→ REQUIREMENT:
From the line with "Grado Signature Series" to the final line of the data below, please write out every line exactly, with no pictures.

→ DATA:
══════
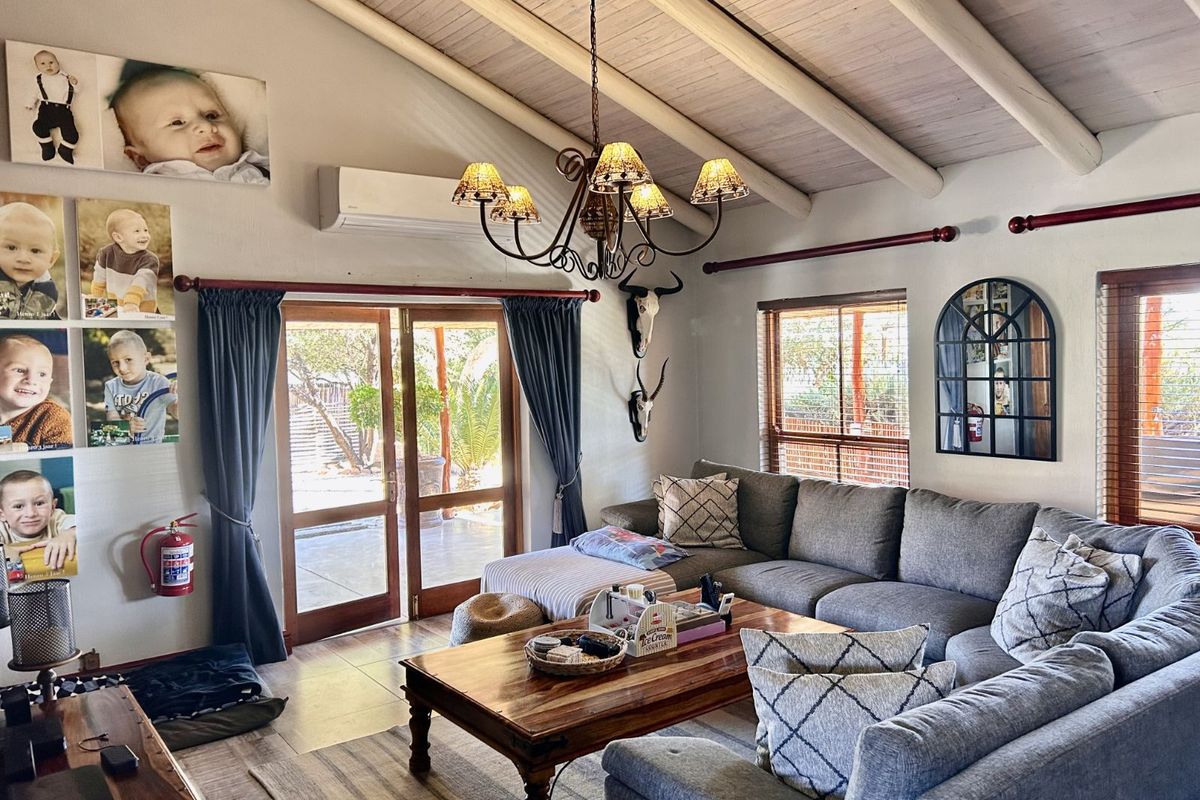 A cozy living room featuring exposed timber ceiling beams, a split-system air conditioner, and double glass doors leading to an outdoor patio area.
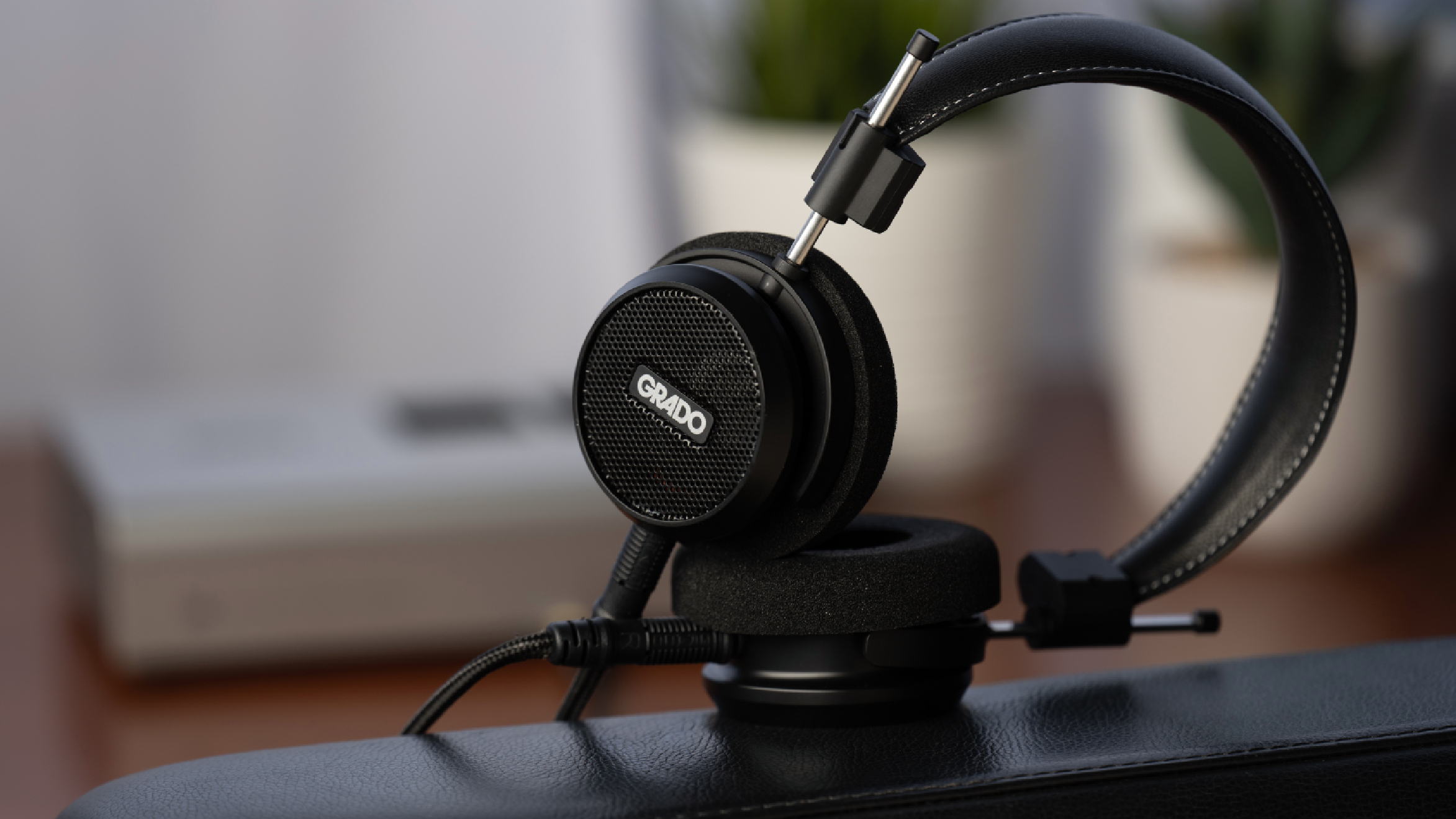 Grado Signature Series S150 headphones on a black table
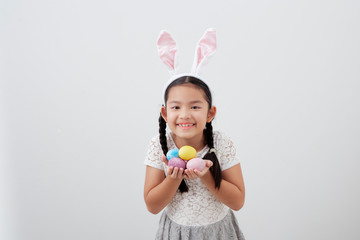 Obraz na płótnie Canvas little child girl with easter bunny ears holding egg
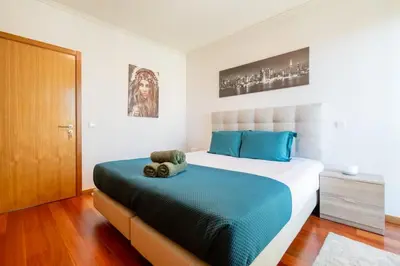 a living room with a tv and a table and chairs at Nomad Horizon Spacious Apartment with Pool & Gym in Funchal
══════
→ TASK OUTPUT:
 Grado Signature Series S150 headphones on a black table
 Obraz na płótnie Canvas little child girl with easter bunny ears holding egg
 a living room with a tv and a table and chairs at Nomad Horizon Spacious Apartment with Pool & Gym in Funchal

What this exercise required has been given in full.